The key to well-made baked ziti is, as you might have guessed, the cheese. Specifically, not letting the cheese get bogged down by, and soaked up in, a lot of watery, overbearing tomato sauce. In well-made baked ziti, the cheese should be the star, the pasta should be the silk-upholstered palanquin on which the star is delivered to your face, and the tomato sauce and meat should be, like, the star's friggin' earrings or some shit, I don't know, I lost track of this analogy a while ago.
Point is, cheese. Lots of cheese. Not as much of the other stuff. Some of the other stuff, sure, but not too much. Fuck it, let's just make some, OK? Begin by preheating your oven to 375 degrees.
Bring a large pot of salted water to a boil, and boil a pound of ziti in it until the macaroni are al dente but not fully cooked. This should probably take 8 minutes or so. Set a timer.
Let's pause for a moment, here. There's a reason why you're leaving your ziti al dente in the step above, and despite what you may think, it's not that pasta should always be cooked al dente. Leaving pasta undercooked—which is essentially what al dente means—has become the popular way to do things over the years, and I'm here to tell you today that that's goddamn stupid and, as of this moment, no longer permitted.
You ever made fresh pasta? It's a fucking nightmare. Kneading and rolling and kneading and rolling and kneading and rolling, thinner and thinner and thinner, teasing out the gluten, stretching it, giving yourself carpal goddamn tunnel syndrome. There's a moment in Bill Buford's great book Heat when the little Italian lady giving the author his tutorial in pasta-making describes ravioli dough as having been sufficiently kneaded and rolled at the point at which it can be rolled, without tearing, into a sheet thin enough to fucking read through.

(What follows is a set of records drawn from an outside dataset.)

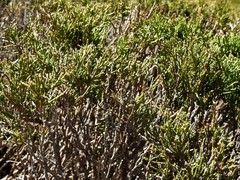Juniperus sabina balkanensis
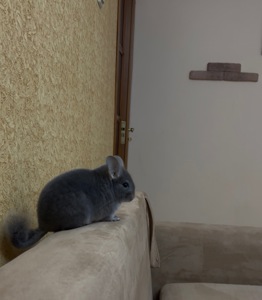 Шиншила дівчинка, фіолетова (лавандова), 5 міс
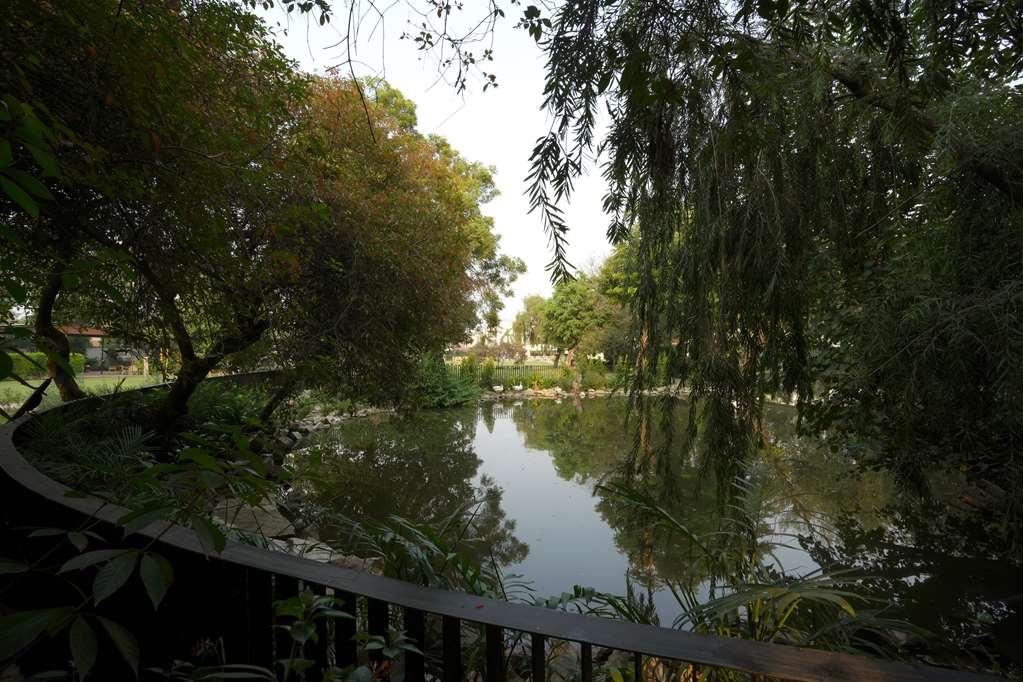 Best Western Resort Country Club Γκουργκάον Εξωτερικό φωτογραφία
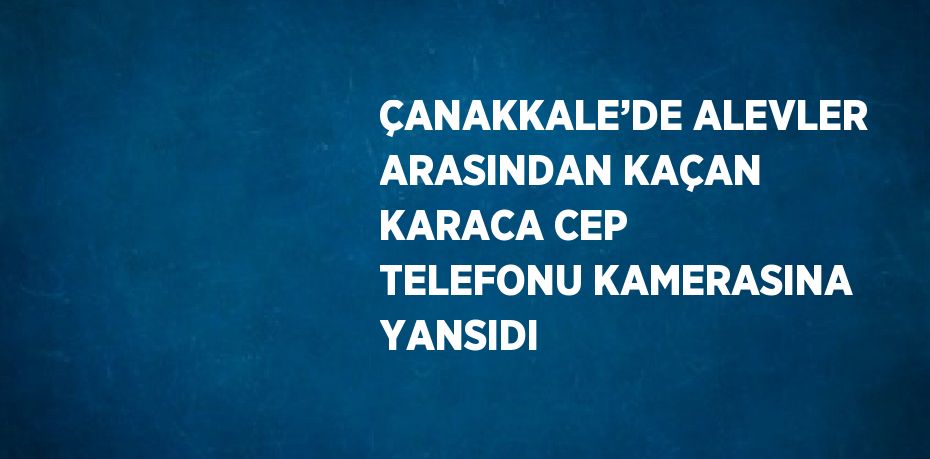 ÇANAKKALE’DE ALEVLER ARASINDAN KAÇAN KARACA CEP TELEFONU KAMERASINA YANSIDI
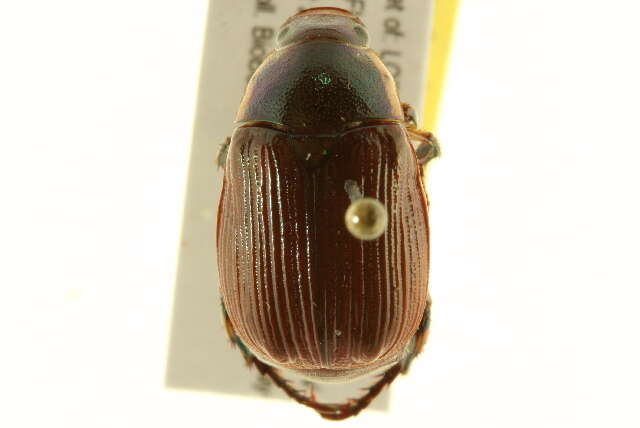 Image of <i>Anomala marginata</i>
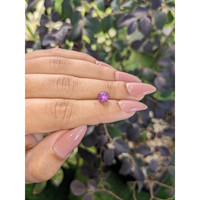 2.05 Ct. Purple Star Sapphire from Ceylon (Sri Lanka) Life Style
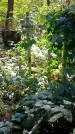 Захоронение ID 1288592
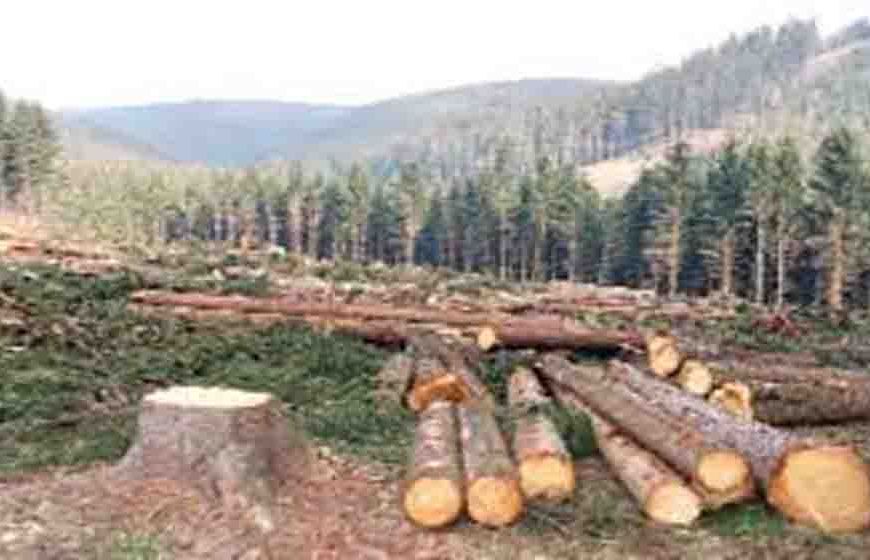 पंचकूला के जंगलों से 1148 खैर के पेड़ों की तस्करी, आईएफएस अधिकारी समेत तीन पर केस दर्ज करने के आदेश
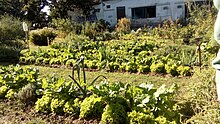 Producción de alimentos en huerta agroecológica urbana comunitaria. Foto tomada en Buenos Aires, Argentina. Mayo 2022.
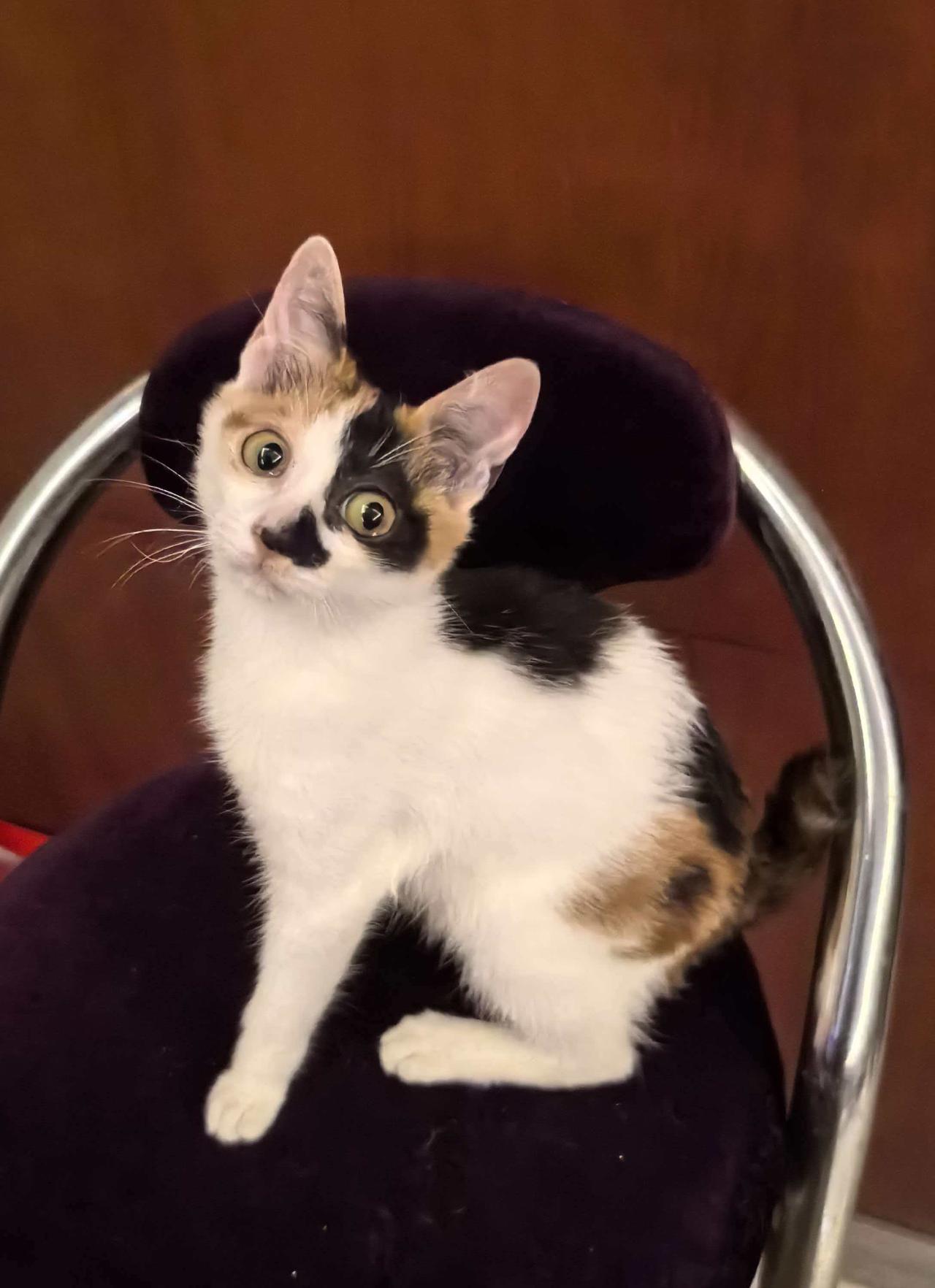 珠海，救助的三花猫寻找爱心领养
三花猫琪琪，5个月，母，未绝育，已打2针疫苗，已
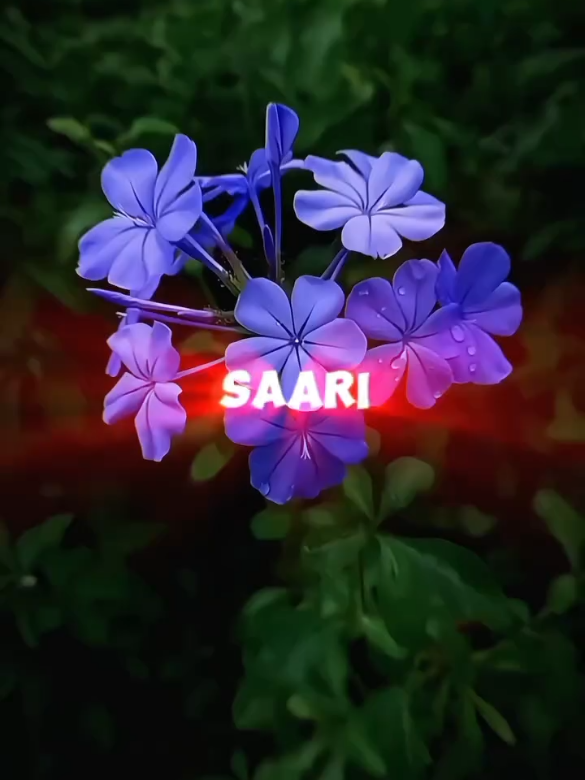 @𝕸𝖗-𝖈𝖍𝖊𝖊𝖒𝖆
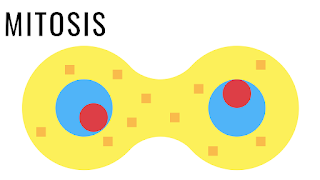 mitosis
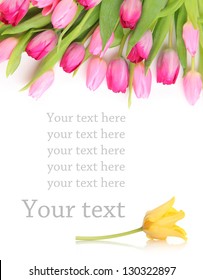 Fresh Pink Tulips On White Background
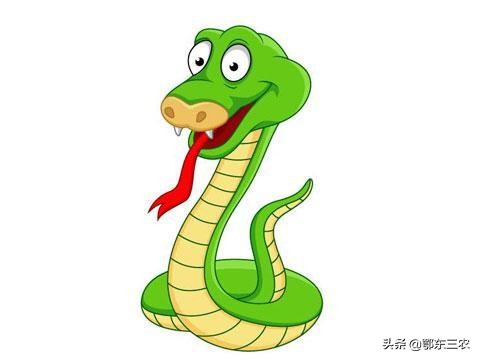 农村老人说,打蛇要打七寸,要么就打死,要么就不要打了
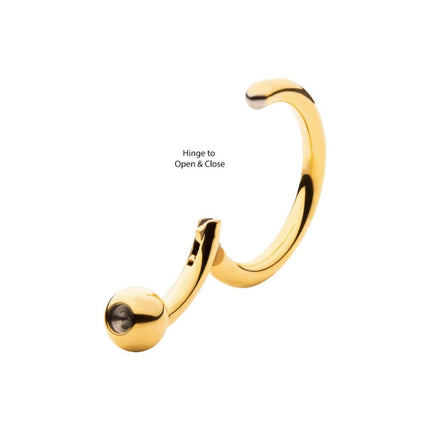 Invictus 24KT Gold PVD Titanium Ball Hinged Segment Ring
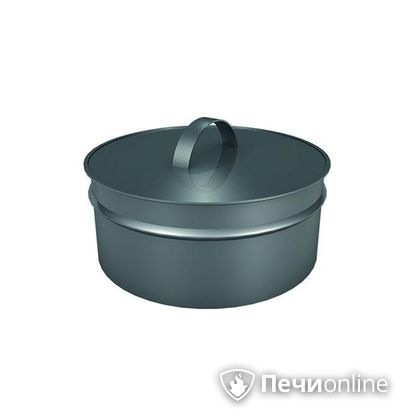 Заглушки Теплов и Сухов Заглушка ревизии Термо-Р 304 0.5 D220(120) в Кирове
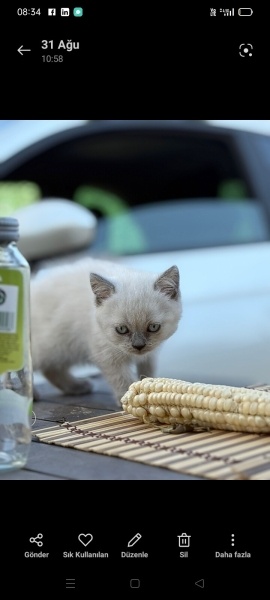 British Shorthair, Kedi  Zeus fotoğrafı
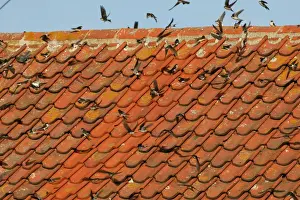 House Martin - Juveniles and adults sunning their selves on roof top - September - Norfolk - UK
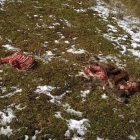 Restos del potro devorado por el lobo en Riolago.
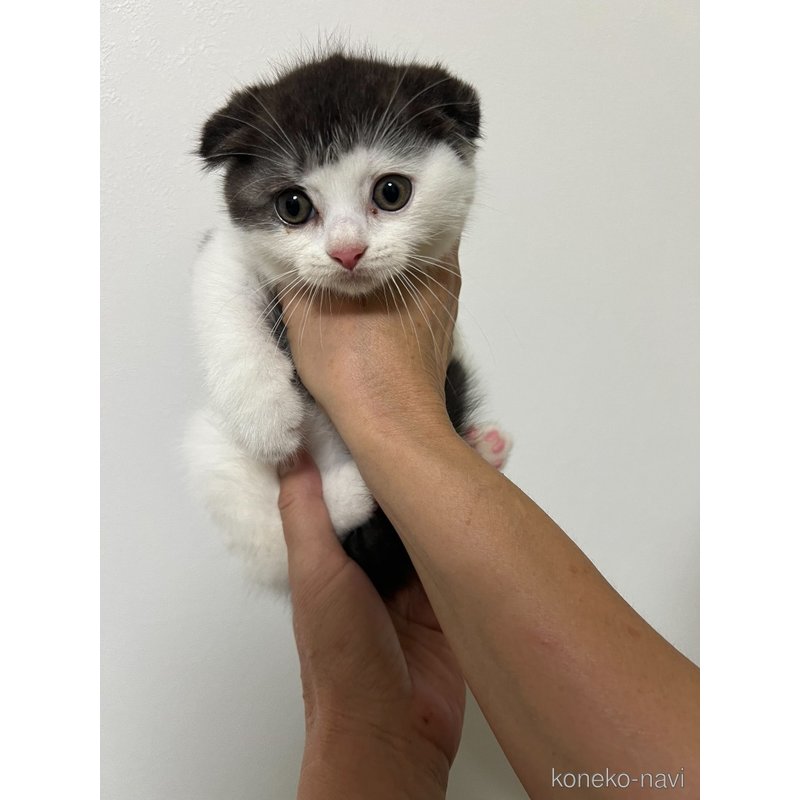 販売中の岡山県のスコティッシュフォールド(折れ耳)-126701の2枚目
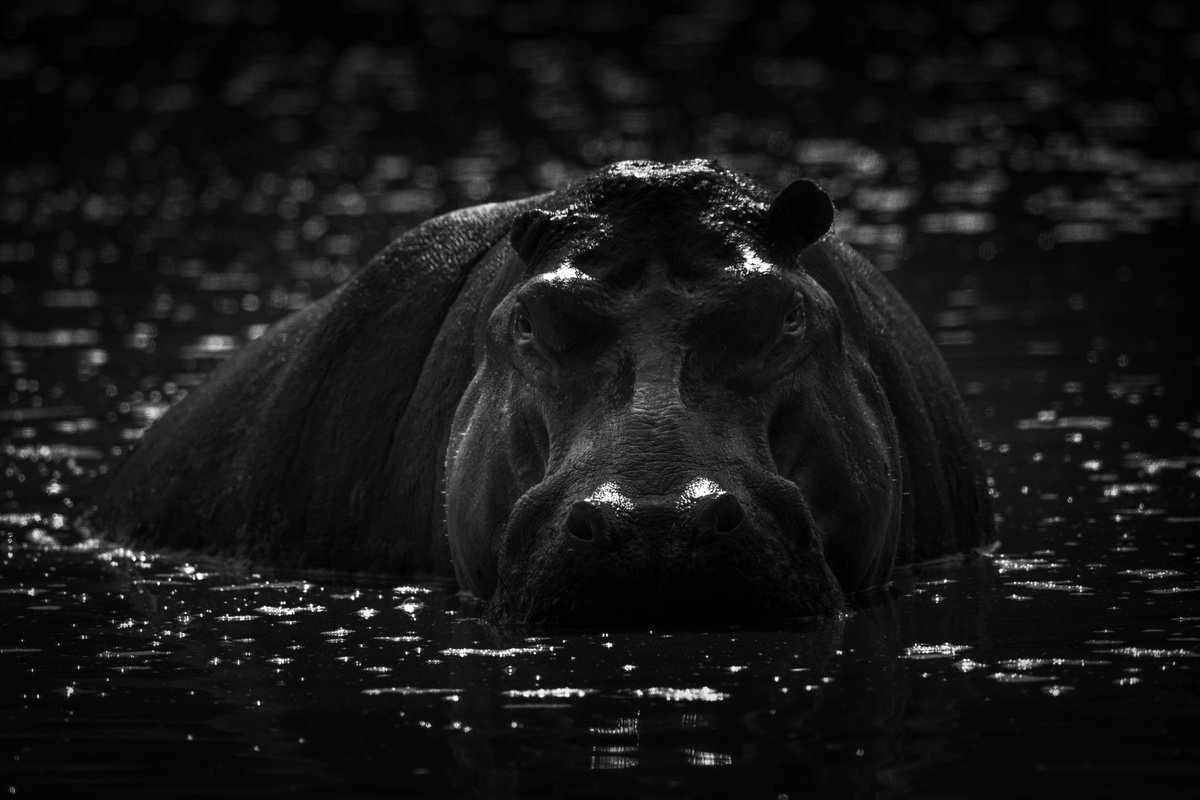 Photorealistic Animal Photograph By Nick Dale, 33 X 26", "Come On In. The Water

Likewise, great pasta chefs will serve you filled pasta in which you can identify the filling without having to cut through the noodle. The point here is that the very reason why pasta-making is such a huge pain in the ass is because the desired end result—a product which can be cooked to soft, delicately springy, gently chewy consistency without dissolving in the water—takes a lot of goddamn work to achieve, and is a fucking miracle of human ingenuity when accomplished. It's an insult to that miracle to cook the shit halfway, leave it with the firmness of a mildly damp sheet of cardboard, and then call it done just because you're too fucking braindead to come up with any other way of giving your pasta dish some goddamn textural character. Pasta is meant to be cooked. Cook your fucking pasta!
No, the reason you're leaving your ziti al dente at this point in this particular procedure is that it's going to get cooked again later on, and you don't want it to turn into mushy crap when it does.
So. On we go. At some point in the steps that follow, your ziti will be cooked; you can drain them and cover them if you're not ready for them just yet. Meanwhile, it's time to brown some ground meat in a hot pan. You can decide for yourself how to proceed, here: whether to use beef, or to pretend to be concerned for your health with turkey, or, I dunno, go nuts with ground pheasant or ground squab or ground your neighbor's noisy cat or whatever. I'm recommending that you buy a pound or a pound and a half of hot Italian pork sausage, remove it from its casing, and use that instead. You'll just get so much more flavor out of it: the fennel and hot pepper and the porkiness of the pork. Break it up with a wooden spoon or sturdy spatula as it cooks in the pan.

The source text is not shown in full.